Wonky civil procedure decision today (that is, Republicans filed in state courts and would have preferred to stay there; the board removed to federal court and wanted to stay there) in RNC v. N.C. State Bd. of Elections (lightly revised):
The Republican National Committee (“RNC”) and the North Carolina Republican Party (“NCGOP”) (together, “Plaintiffs”) filed two state law claims, one statutory and one constitutional, in a North Carolina superior court against the North Carolina State Board of Elections and its members (“State Board”). Both claims stemmed from the State Board’s alleged noncompliance with the Help America Vote Act of 2002 (“HAVA”), 52 U.S.C. § 20901 et seq., a federal statute that was intended to improve voting systems and voter access. . . .
Count Two asserts that the State Board violated the Equal Protection Clause of the North
Carolina Constitution, Article 1 § 19, through HAVA violations that “open[ed] the door to
potential” vote dilution. . . .We disagree with the district court’s conclusion that exercising federal jurisdiction over Count Two would open the floodgates to a wave of state constitutional litigation in federal court.

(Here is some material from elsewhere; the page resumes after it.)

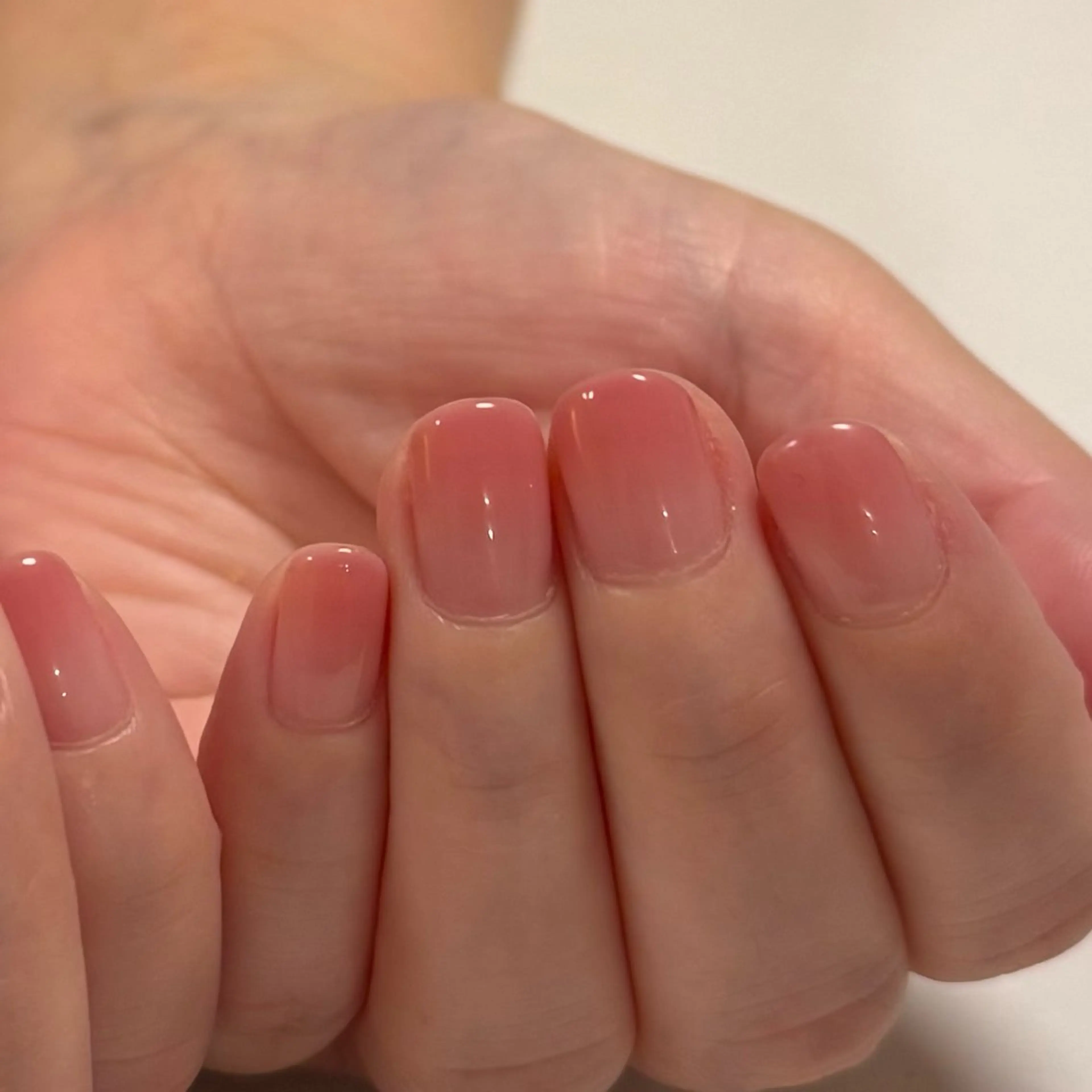 ネイル ハンドネイル 長 美乃莉のネイルデザイン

Just as Grable found that “it will be the rare state title case that raises a contested matter of federal law,” we conclude that it will be the rare state equal protection case that turns on a violation of HAVA or the NVRA. In fact, we are aware of no other state constitutional case similar to this one, and Plaintiffs have pointed to none.
Plaintiffs’ Count Two claim may come cloaked in state constitutional garb, but it raises only federal statutory questions. Here, the alleged state constitutional claim necessarily turns on the contested interpretation of provisions of federal laws, HAVA and the NVRA. The viability of the state constitutional claim depends, therefore, on a court’s adopting Plaintiffs’ preferred reading of two federal statutes.
As the district court recognized, consideration of HAVA’s overall statutory scheme “leads to the conclusion that Congress intended for federal courts to resolve core questions of statutory interpretation.” HAVA authorizes the Attorney General to enforce compliance with its requirements “in an appropriate United States District Court.” HAVA § 21111 (emphasis added). We are confident that Congress did not intend to prevent federal courts from deciding cases where the sole issue, the interpretation of a federal statute, may determine who can vote in a federal election. The mere invocation of a state constitutional provision does not unsettle that conclusion.
Chief Judge Diaz concurred to explain why the RNC “barely” met the standing requirement in federal court, citing, among other things, FDA v. AHM.